The Clarion remained popular until 1914 but its jingoistic stance, abhorrent to so many, saw circulation collapse from sixty to ten thousand. Hostilities ended, it emerged as a smaller threepenny weekly but readership continued to haemorrhage in the wake of the 1917 Russian Revolution and the seductive pull of the new-born Communist Party of Great Britain. Repackaged in 1927 as a sixpenny monthly, life became increasingly difficult for a self-styled “independent Socialist review” supporting a Labour movement “as opposed to Bolshevism as it is to Fascism” and after a last brief tango as The New Clarion, it disappeared in 1934.
Oddly, the journal’s demise coincided with an upturn in Club numbers. Despite serious economic recession, bicycle ownership was increasing and on the back of the 1930s “outdoors/fitness” craze, membership soared to an all-time high of 8,300. To what extent the Club’s politics contributed is, of course, debatable: other pastimes, rambling and hiking for example also flourished and besides, activism within the ranks, by no means universal from inception, had continued to diminish. For that minority who remained otherwise, there was little evidence of improvement in the calibre of that activism.
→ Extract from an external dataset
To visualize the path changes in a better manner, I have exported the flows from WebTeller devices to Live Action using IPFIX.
Discord reigned between the pro- and anti-war camps, whilst both the Workers’ Sports Movement and Esperanto language were lauded as the keys to “developing solidarity”, “dismantling international prejudices” and “eradicating misunderstanding”. Never, throughout decades of fresh air, camaraderie and carousing, did there ever appear to have entered into the broad Clarion psyche, a recognition of the single global root cause of Humanity’s multiple socio-economic problems and therefore of the single global remedy required. It really was, and is, that straightforward.
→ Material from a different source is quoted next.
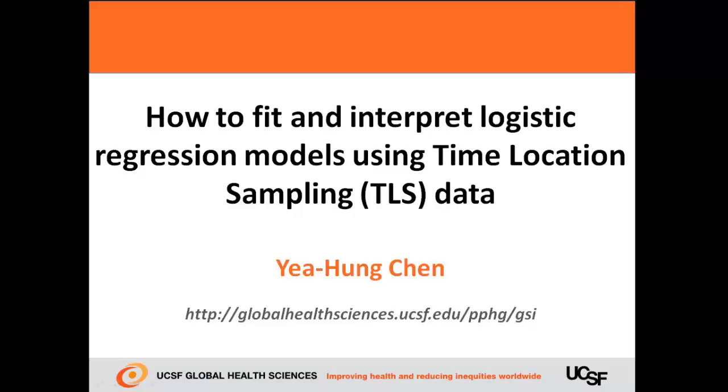Hi, my name is Yehung Chen. I'm with the University of California, San Francisco, Global Health Sciences.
Post-war, a brief membership boom was followed by serious decline as growing affluence brought with it mass car-ownership and in the prevailing Cold War environment, there began an inexorable process of airbrushing out its political roots. The Constitutional “propagation of the principles of Socialism” clause became “support for…” and office bearers, once required to actually belong to “an approved Socialist organisation”, could now be simply avowed socialists. And so it continued.
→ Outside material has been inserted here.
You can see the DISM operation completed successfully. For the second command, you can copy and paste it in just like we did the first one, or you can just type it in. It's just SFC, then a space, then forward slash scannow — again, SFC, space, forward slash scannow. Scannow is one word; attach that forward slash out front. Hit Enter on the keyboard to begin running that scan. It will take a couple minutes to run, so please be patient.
These days, the Clarion Cycling Club survives as a 600-strong rump and – lest it deter potential sponsors – presents itself as “The Club for Wise Cyclists”. May it prosper: pro-Human sentiments are, after all, preferable to none. It is tragic, nevertheless, that so much benevolence, enthusiasm and integrity should, for want of a bit of clarity and direction, have gone to waste; doubly so because in terms of its sloganeering at least, the Club had it pretty-well nailed all along.
And since the Socialist Party remains – on several levels – untroubled by commercial considerations, we are pleased on behalf of countless long-departed and intrepid wayfarers to brandish the muddied Clarion banner one final time: “Fellowship is Life” and “Socialism” – properly defined and understood, is indeed – “the Hope of the World”.